Transition five begins within footsteps traversing a rocky dirt path. This section of the soundscape provides listens with audio clarity that the traveller is now moving and traversing through a landscape that is of a wilder terrain. It can give some thought as to why the car was left behind, can this section of landscape only be navigated on foot? It could also question how far the traveller has intended to distance themself from social culture as they have abandoned their car and moved beyond an easily accessible realm. With a rocky dirt path, a listener can understand (if having knowledge or experience with such a path) the difficulties one could and may face when navigating such a path. Such paths are slower and uneven, making the navigation more strenuous but questioning as to why the traveller will go through such difficulties to discover a remote wilderness.

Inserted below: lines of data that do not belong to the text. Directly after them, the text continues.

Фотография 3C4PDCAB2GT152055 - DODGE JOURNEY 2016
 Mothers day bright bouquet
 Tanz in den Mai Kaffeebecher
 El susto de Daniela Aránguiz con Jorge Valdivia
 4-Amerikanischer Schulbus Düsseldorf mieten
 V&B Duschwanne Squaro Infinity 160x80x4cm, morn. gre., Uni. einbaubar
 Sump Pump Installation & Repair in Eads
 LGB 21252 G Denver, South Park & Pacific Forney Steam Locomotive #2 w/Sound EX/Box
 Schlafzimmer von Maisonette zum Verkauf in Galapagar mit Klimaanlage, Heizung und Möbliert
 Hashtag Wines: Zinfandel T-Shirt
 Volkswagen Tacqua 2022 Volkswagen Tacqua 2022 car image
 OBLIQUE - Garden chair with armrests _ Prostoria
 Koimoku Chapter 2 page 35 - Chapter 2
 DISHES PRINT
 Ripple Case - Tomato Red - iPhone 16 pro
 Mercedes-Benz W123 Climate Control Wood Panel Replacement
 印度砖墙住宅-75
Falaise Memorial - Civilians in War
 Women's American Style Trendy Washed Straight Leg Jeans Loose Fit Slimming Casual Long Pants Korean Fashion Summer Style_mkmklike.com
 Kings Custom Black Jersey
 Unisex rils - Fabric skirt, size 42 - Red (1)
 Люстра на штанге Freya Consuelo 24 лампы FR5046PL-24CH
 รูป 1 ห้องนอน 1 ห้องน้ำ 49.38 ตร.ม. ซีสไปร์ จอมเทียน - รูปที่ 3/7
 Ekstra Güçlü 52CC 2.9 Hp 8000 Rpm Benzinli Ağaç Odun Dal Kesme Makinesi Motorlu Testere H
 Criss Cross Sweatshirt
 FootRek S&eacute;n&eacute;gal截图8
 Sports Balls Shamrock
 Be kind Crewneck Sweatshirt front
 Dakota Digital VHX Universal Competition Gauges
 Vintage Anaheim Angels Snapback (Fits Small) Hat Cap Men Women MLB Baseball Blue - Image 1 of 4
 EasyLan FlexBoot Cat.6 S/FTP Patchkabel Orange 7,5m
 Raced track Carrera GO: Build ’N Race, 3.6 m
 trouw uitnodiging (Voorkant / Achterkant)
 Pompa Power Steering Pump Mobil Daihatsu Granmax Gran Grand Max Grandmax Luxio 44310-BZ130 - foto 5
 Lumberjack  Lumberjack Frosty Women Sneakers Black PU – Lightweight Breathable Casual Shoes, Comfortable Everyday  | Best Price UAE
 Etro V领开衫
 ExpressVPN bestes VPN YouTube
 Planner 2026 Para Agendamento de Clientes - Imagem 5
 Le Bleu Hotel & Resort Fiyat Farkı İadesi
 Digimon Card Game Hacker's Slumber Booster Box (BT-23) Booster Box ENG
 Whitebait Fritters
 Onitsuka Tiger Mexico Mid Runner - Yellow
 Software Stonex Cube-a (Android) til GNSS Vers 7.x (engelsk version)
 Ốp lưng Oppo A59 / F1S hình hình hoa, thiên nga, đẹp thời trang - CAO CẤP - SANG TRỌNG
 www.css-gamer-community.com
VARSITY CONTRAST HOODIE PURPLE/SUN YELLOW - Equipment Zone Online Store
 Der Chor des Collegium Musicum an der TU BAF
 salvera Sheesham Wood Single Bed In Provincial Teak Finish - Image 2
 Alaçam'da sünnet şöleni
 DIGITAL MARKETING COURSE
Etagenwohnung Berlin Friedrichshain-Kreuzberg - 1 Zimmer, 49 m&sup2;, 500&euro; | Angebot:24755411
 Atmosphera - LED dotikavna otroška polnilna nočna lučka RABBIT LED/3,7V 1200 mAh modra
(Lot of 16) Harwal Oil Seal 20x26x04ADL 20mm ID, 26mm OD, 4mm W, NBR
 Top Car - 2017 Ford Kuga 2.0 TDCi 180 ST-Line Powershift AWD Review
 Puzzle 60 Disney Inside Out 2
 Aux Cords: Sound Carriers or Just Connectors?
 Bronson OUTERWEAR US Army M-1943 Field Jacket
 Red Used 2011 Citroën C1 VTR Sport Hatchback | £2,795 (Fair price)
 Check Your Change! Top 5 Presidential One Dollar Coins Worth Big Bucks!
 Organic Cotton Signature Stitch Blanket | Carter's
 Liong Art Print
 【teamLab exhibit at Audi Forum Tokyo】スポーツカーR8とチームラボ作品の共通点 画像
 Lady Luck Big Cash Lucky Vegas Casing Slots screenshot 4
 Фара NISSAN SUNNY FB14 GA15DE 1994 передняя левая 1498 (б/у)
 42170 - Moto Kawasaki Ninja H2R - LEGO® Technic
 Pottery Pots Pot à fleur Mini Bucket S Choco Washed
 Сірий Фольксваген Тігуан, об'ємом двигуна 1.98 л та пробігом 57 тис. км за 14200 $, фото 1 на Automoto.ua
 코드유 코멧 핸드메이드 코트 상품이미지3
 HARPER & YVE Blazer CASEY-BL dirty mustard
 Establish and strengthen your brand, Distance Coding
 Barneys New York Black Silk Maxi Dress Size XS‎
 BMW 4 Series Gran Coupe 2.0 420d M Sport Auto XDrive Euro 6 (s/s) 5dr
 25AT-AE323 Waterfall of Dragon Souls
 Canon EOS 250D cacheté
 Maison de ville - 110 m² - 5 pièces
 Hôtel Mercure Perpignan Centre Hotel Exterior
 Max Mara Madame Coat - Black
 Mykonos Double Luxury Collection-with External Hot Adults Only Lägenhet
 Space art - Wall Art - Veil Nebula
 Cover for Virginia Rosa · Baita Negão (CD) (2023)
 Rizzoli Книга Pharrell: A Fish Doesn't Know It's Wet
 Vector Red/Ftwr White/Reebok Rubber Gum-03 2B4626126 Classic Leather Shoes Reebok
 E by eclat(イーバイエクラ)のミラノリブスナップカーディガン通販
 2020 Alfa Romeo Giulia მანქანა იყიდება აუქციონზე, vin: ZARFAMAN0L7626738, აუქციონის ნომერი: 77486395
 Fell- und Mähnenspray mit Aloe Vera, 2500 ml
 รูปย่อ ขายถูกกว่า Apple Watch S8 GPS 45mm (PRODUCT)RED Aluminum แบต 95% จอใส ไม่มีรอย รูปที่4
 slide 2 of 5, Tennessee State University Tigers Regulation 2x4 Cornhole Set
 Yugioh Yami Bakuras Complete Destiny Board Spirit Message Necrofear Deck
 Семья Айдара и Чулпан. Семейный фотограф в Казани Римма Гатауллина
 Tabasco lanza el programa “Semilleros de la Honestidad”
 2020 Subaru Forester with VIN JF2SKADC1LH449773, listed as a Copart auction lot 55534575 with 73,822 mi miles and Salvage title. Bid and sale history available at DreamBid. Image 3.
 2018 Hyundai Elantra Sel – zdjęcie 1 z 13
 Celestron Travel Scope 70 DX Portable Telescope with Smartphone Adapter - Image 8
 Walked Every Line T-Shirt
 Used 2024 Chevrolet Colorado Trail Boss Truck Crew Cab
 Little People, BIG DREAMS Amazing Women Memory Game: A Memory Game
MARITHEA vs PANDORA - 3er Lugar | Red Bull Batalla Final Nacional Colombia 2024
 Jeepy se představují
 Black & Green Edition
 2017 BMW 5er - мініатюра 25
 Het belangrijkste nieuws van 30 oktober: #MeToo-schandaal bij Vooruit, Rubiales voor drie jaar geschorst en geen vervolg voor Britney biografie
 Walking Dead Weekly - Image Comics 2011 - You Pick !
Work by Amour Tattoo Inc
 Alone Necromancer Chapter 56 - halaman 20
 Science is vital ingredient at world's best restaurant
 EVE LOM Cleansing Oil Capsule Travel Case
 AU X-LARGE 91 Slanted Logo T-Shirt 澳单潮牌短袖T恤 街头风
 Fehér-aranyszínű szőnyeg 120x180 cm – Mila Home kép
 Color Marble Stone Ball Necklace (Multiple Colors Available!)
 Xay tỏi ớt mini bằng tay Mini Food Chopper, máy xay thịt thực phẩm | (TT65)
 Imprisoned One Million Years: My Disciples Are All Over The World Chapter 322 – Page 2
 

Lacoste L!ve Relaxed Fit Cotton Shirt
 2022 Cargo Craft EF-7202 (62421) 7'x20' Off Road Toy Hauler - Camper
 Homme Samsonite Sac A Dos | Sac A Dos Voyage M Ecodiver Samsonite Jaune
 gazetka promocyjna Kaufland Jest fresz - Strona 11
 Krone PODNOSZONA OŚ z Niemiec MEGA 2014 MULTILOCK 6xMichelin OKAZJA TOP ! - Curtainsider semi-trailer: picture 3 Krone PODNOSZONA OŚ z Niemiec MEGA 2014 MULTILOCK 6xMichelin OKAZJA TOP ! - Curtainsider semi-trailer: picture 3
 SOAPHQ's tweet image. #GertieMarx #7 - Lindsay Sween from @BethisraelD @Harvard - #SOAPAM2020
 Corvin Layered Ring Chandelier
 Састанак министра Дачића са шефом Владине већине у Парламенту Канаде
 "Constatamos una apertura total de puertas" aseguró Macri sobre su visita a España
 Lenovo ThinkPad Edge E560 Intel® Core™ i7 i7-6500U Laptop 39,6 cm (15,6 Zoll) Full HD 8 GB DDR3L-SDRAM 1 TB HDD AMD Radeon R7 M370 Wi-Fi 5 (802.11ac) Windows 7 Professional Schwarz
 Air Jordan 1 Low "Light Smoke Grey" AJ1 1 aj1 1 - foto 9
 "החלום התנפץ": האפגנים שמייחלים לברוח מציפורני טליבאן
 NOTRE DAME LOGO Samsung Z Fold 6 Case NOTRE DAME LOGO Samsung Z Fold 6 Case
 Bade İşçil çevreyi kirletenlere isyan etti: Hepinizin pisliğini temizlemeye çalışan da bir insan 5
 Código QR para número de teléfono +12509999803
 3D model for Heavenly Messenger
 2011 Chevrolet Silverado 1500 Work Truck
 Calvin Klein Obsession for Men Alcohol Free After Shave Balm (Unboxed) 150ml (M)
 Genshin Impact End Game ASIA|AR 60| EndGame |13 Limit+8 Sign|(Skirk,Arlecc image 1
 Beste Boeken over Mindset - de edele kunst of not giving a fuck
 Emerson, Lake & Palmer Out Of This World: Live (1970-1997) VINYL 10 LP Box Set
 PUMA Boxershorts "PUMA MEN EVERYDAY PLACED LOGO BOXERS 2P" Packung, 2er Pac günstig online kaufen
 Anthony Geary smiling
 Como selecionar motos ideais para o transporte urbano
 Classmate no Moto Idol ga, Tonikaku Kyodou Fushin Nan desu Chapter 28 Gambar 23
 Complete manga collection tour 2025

As the traveller finds themself within the second to last transition, the soundscape enters a period of pure natural sound with no human interference. The listener is presented with an array of bird call from varying species, slight wind notes and what appears to be the crashing of water. The audio has reached a new level in volume that is lower to the previous clip. At each stage of transition, the volume decreases, encouraging the listener to retune their hearing into a more acute sense. An absent sound and body from the audio clip is the traveller. Removing the human has allowed for the natural landscape to take control of the piece but the listener still remains active, and their presence could suggest that they have taken up the role as the traveller. The listener will find themselves as the sole human presence within the soundscape, although they may not be physically present within the landscape, they are there within an audio experience. Perhaps what has occurred throughout this soundscape has been that the traveller has taken the listener on a clear journey but through manipulating and intensifying the sound levels to induce acute concentration, a transcendence has occurred from the listeners position to an immersed intimate phenomenon. Throughout this current clip and the final transition, the concentrated and lower volume immersive experience is consistent until the end of the soundscape.
The final transition takes the listener to the end of the intimate journey. One last time, the soundscape reduces in volume to its lowest frequency. Bird call can still be heard but this has been reduced somewhat. The crashing of water is still present, but this has also been reduced. The architecture of the soundscape has become muted to a degree that could perhaps make the listener find themselves within the evening. In an evening the landscape becomes quieter and less occurrences happen or we as an audience are not as aware of those occurrences at that point in the day. The soundscape plays out for one hundred and twenty seconds, taking the listener to the end of the journey. Throughout this period the soundscape portrays elements of stillness, intimacy, and remoteness. Those earlier audio clips of the radio and socio culture have been forgotten and instead the listener is left to dwell in a place that is far from those human elements.